We have a logbook at PPL which was kept aboard the Eunice H. Adams (sailed in 1887 out of Edgartown), captained by Martin. It is a relatively chatty log as these documents go. I’ve transcribed here the first entry and a longish entry in the middle, just for a taste.
October 16, 1887:
Took our anchor from port of New Bedford at 9 O’clock AM and shaped our course for sea with a company of 25 all told. At 12m [Noon] discharged the Pilot. Wind blowing strong from South west. At 3 O’clock PM kept off and steered for Tarpaulin cove. Came at anchor at 6 PM in eight fathoms of water.
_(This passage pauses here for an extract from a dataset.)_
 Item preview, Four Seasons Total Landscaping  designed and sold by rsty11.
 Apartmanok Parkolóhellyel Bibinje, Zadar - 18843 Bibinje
So ends this day.
Saturday June 22 :
Begins with a calm. At 1 PM a light breeze from the SW sprung up. At 3 PM sperm whales were raised [i.e., sighted] by John A. Chapman. The whales were going quick WSW. They were raised about 3 miles ahead of the vessel. Lowered the two port boats and pulled to the windward but could not head them off. When the boats were about four miles from the vessel more whales were seen from the brig on the lee bow. The Capt. Lowered the starboard boat but could not head off the whales. The other two boats set sail and went off to the leeward. The larboard boat got in ahead of one and tried to go on but the whale went down. Then the waist-boat went on to another and struck and was fast about five minutes when the iron drawed. Then the LB struck the same whale. Got the whale alongside at 9 PM. Later part very rainy and windy. Commenced cutting at day light. Sperm all round the vessel but the weather was too bad to lower. Finished cutting in at 9 O’clock. So ends this day.